Due to the damage a cyberattack can cause a company — both in the immediate aftermath of the incident and on an ongoing basis — businesses need people who understand the risks they face and how to create effective countermeasures. Becoming familiar with cyber threats such as DDoS attacks is therefore a way to take on a role as a more valuable member of an information systems team.

A digital image of a padlock

What Is a DDoS Attack?

A DDoS attack is a type of cyberthreat based on sending too many requests to an online resource, forcing that site or resource offline. The attacker takes advantage of a vast network of computers to create this pressure, often by using “zombie” machines they have taken over through malware.

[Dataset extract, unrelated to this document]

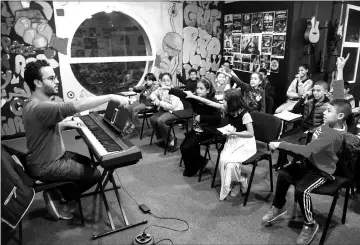  ??  ?? Local Moroccan children attend a music class at the Stars Cultural Centre in Casablanca’s northeaste­rn suburb of Sidi Moumen on Nov 24, 2017. Based in a white building next to a tramline and opposite a mosque, the Stars Cultural Centre regularly hosts...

Kaspersky notes that DDoS attacks work because web resources can only handle so much traffic at any given time. When the amount of data or requests flowing into the networked asset becomes too great, legitimate users may be unable to access it, just as would happen if there were too many people trying to use the resource, but on a much greater scale. A web server suffering the effects of a successful DDoS attack will slow down or become completely inaccessible to users.

Considering that modern companies use online platforms for their most important services, both customer-facing and internal, it’s easy to see how a well-timed DDoS attack could do major harm to a business. Whether that means shutting an e-commerce merchant down during a busy retail season, taking a business’s in-house servers offline, or one of any number of similar outcomes, the damage can be notable.

How Are DDoS Attacks and DoS Attacks Different?

A DDoS attack is the modern, larger-scale version of a simple denial of service (DoS) attack. Digital security firm Norton explains that DoS attacks have existed since 1974, when a 13-year-old remotely shut down networked computers. IT professionals shouldn’t let themselves become complacent just because DoS attacks have a nearly 50-year history. By evolving from DoS to DDoS, these intrusions have stayed relevant to the present day.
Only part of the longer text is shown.